Many pension plans will allow you the choice of receiving a monthly pension payment for the rest of your life or taking a lump sum distribution equal to the value of their pension. There are positives and negatives as to whether a lump sum might be a good idea for you.
When a Lump Sum is a Good Idea
- A pension is taxable income. If you do not need monthly payments right away, you could defer recognizing the income until you are 70 ½ similar to an IRA.
- If the pension is not indexed to inflation, a monthly pension payment of $2,000 will be worth only $1,488 in 10 years and $1,107 in 20 years. Investing your lump sum prudently may better protect you from inflation.
- Current interest rates are low and pensions are generally benchmarked to prevailing rates. If you believe that rates will rise, which is a strong possibility, then taking a lump and investing it based on a rising interest rate strategy may be a better idea.
- If you are a skilled investor or have a financial advisor who is a fiduciary, investing your lump sum properly may give you greater control over your lifestyle.
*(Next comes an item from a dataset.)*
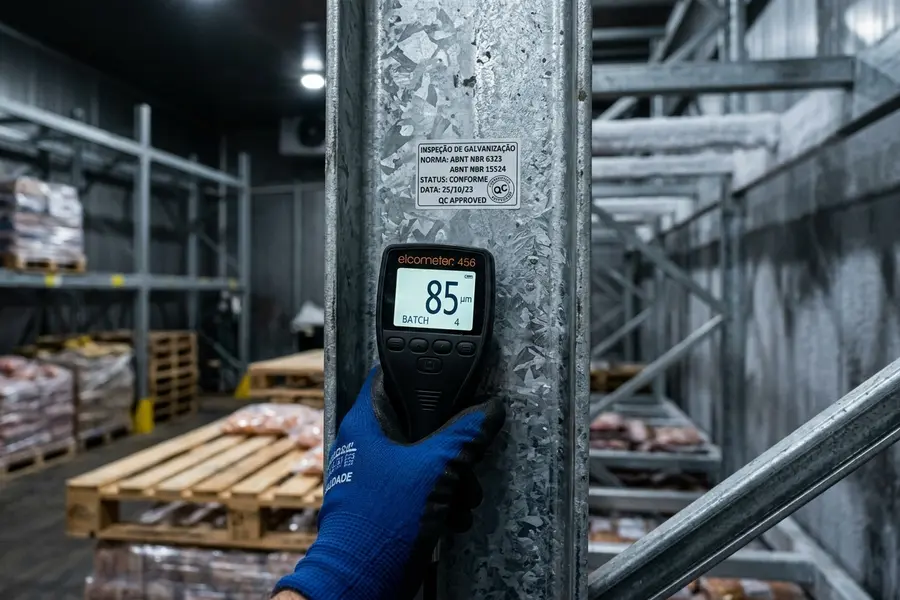 Medição instrumental de espessura de camada de zinco galvanizado a quente em coluna porta-paletes com medidor magnético digital mostrando 85 micras segundo NBR 6323 em Dourados MS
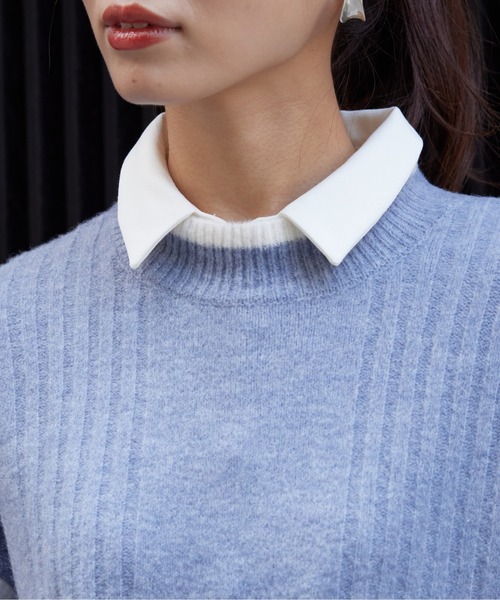 Chez toi（シェトワ）の「BACKタックフレアSHチュニック（シャツ/ブラウス・レディース・オフホワイト/ネイビー/ブラック・FREE）」の2枚目の写真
For more information on what a fiduciary is, please click here.
- If you have the means and you wish to leave a legacy to your children or a charitable organization, a lump sum will help you to achieve those goals.
When a Lifetime Pension Payment is Good Idea
- If you are not a skilled investor, the certainty of monthly payments may have greater value to you.
- Even if you are a skilled investor but are very concerned about managing such a significant amount of your wealth, the certainty of a pension may reduce everyday stress.
- If the value of the pension payments materially exceed the lump sum payment. This sometimes happen in cases where a company creates early retirement incentives.
In all cases, it may be prudent to seek advice from a qualified fiduciary to evaluate your options. A fiduciary is required to put your interests ahead of their own. If you choose the lump sum distribution, be aware of any advisor who recommends annuity for your lump sum distribution – your monthly pension payment that you just traded for the lump sum is an annuity.